Department of Electrical Engineering & Computer Sciences
	                 Instructional Support Group


/share/b/pub/ccluster.help

								Nov 30, 2011

CONTENTS
	Google/IBM "Cloud Cluster"
	Cloud Cluster: How to Get an Account
	Cloud Cluster: How to Run MapReduce via ssh shell
	Cloud Cluster: How to Run MapReduce via Eclipse plugin
	Cloud Cluster: How to Install the MapReduce plugin at home
	Cloud Cluster: How to Transfer Files
	Cloud Cluster: How to View the WEB Logs
	Cloud Cluster: Announcements and Scheduled Downtime 

	Icluster: Computing Cluster for EECS Students


Google/IBM "Cloud Cluster"
-------------------------

  In 2008/2009, selected classes ran MapReduce on an off-site cluster called 
  the Google/IBM "Cloud Cluster".  We have not used it lately, and this usage 
  information is old.  It is retained here for historical purposes.

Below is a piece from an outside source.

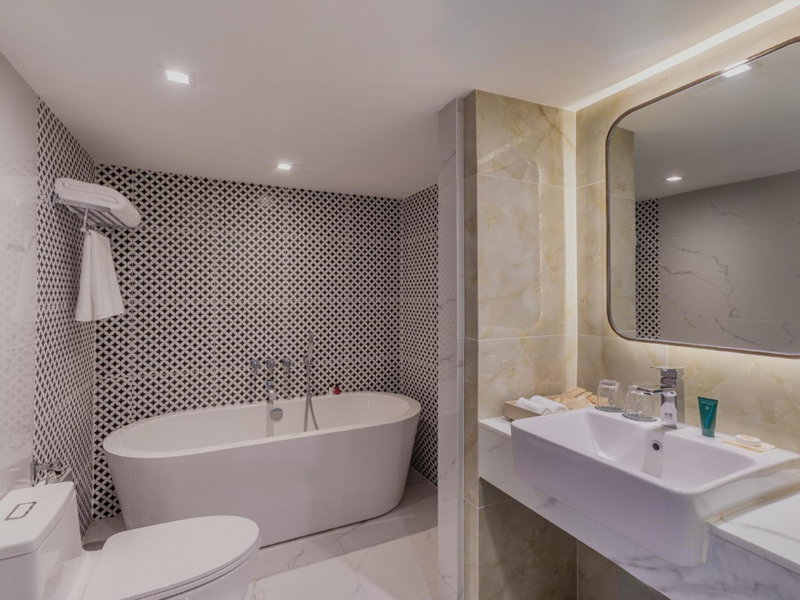 Aira Bangkok Sukhumvit 11 by Kingston Hotels, Makkasan, Thailand
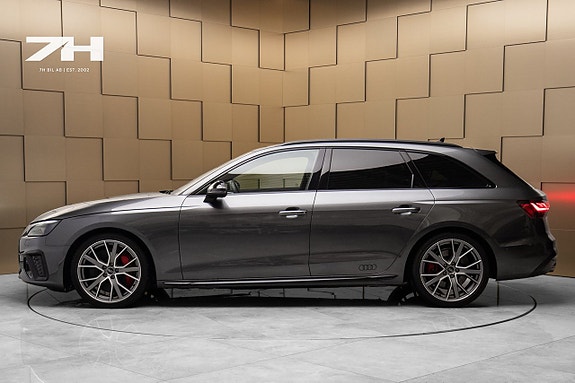 Audi S4 2 of 23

  "Cloud Cluster" (aka "Google/IBM Cluster"):
  
	This is a remote facility managed by Google/IBM.  It consists of 
	40 64-bit dual-core Opterons (80 cpus) running Redhat SELinux on 
	a Xen virtual machine.  Google and IBM have donated access time 
	to EECS students.  Google and IBM provide EECS with a limited set 
	of "tokens" that we give to students in selected classes.  The 
	students generate accounts on the cluster and use either "ssh" (or 
	"putty") or a special Eclipse plugin to run jobs on the cluster.  
	Only MapReduce/HaDoop is available.


Cloud Cluster: How to Get an Account
------------------------------------

  Instructors: Please notify inst@eecs.berkeley.edu if you have an interest
  in running MapReduce on the Google/IBM Cloud Cluster.

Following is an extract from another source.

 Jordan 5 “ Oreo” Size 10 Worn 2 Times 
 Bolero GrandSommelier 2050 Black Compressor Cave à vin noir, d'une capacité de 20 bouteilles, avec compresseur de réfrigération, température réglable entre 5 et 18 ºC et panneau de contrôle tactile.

  Google/IBM provides EECS with "tokens" that students use to request accounts
  on the Cloud Cluster.   To get an account, students in specific classes are
  authorized to check out a token from an EECS WEB site.

  To get an account on the Cloud Cluster:

  1) Login to http://inst.eecs.berkeley.edu/webacct/ using CalNet and select
     "Request Cloud Cluster account". [not currently available]

  2) Review the Usage Agreement.   A form with your "token" will be displayed.

  3) Goto http://univsupport.hipods.ihost.com, select "Register".
     This puts you on the "New User Registration" page.   
     (Your browser must allow Javascript for this WEB site.)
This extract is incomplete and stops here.